* Exercise aim: Taking the data below, please print only the lines from the line holding "Differnz douchegordijn folia" to the line holding "Cityscape mixed media", inclusive, with pictures omitted.

Data for processing START

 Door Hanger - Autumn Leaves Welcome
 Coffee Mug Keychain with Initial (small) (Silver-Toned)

Data for processing END
Data for processing START

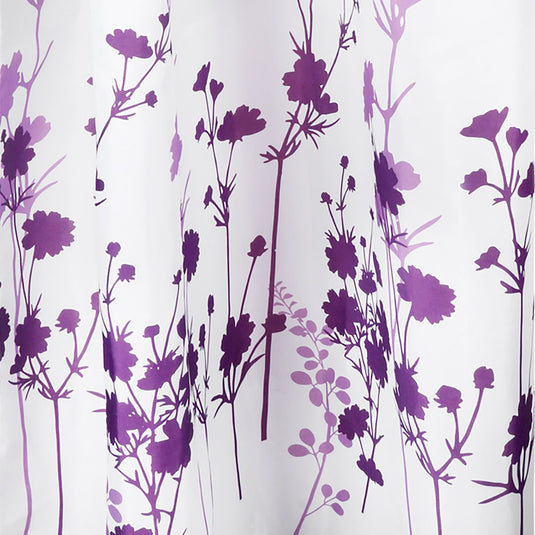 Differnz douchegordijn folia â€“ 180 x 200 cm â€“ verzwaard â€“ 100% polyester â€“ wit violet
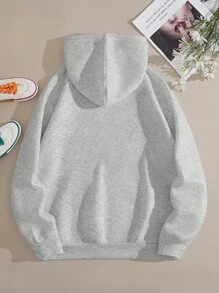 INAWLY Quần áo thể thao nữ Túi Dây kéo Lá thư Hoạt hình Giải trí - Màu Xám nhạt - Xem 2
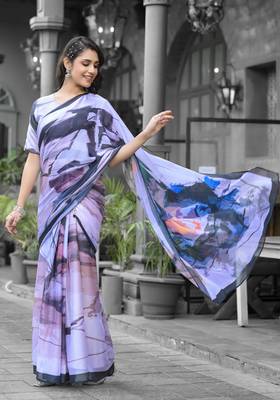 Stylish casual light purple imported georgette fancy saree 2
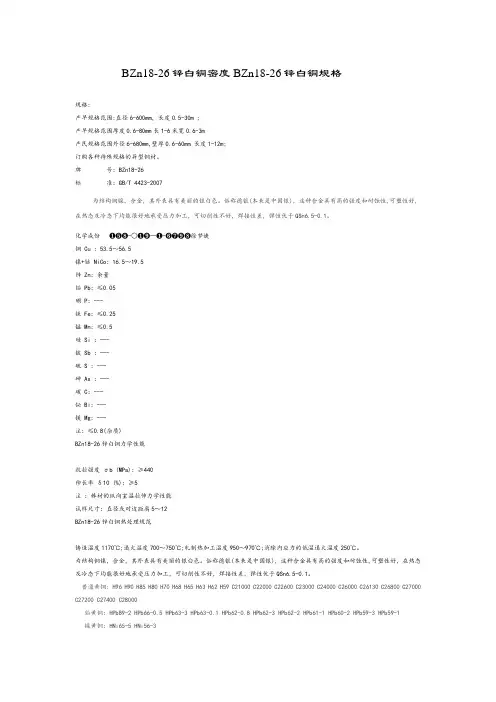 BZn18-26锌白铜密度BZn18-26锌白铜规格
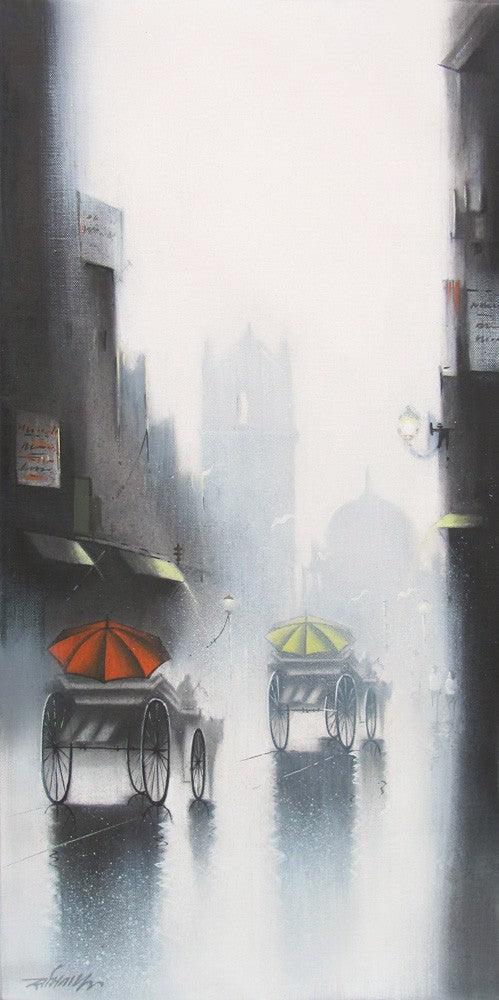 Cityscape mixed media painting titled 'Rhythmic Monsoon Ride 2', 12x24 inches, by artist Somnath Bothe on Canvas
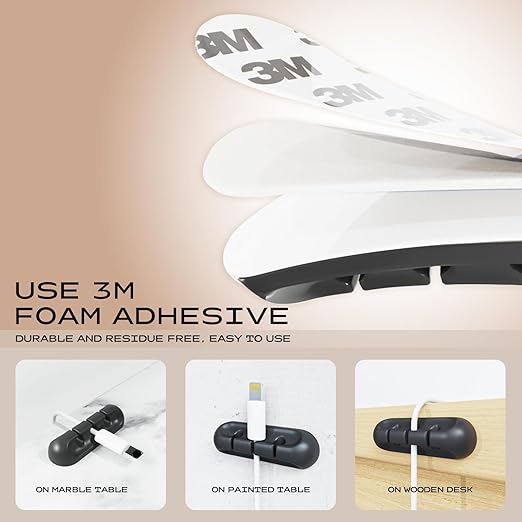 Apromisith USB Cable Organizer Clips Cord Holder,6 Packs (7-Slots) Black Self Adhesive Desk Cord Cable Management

Data for processing END

* Result below:
 Differnz douchegordijn folia â€“ 180 x 200 cm â€“ verzwaard â€“ 100% polyester â€“ wit violet
 INAWLY Quần áo thể thao nữ Túi Dây kéo Lá thư Hoạt hình Giải trí - Màu Xám nhạt - Xem 2
 Stylish casual light purple imported georgette fancy saree 2
 BZn18-26锌白铜密度BZn18-26锌白铜规格
 Cityscape mixed media painting titled 'Rhythmic Monsoon Ride 2', 12x24 inches, by artist Somnath Bothe on Canvas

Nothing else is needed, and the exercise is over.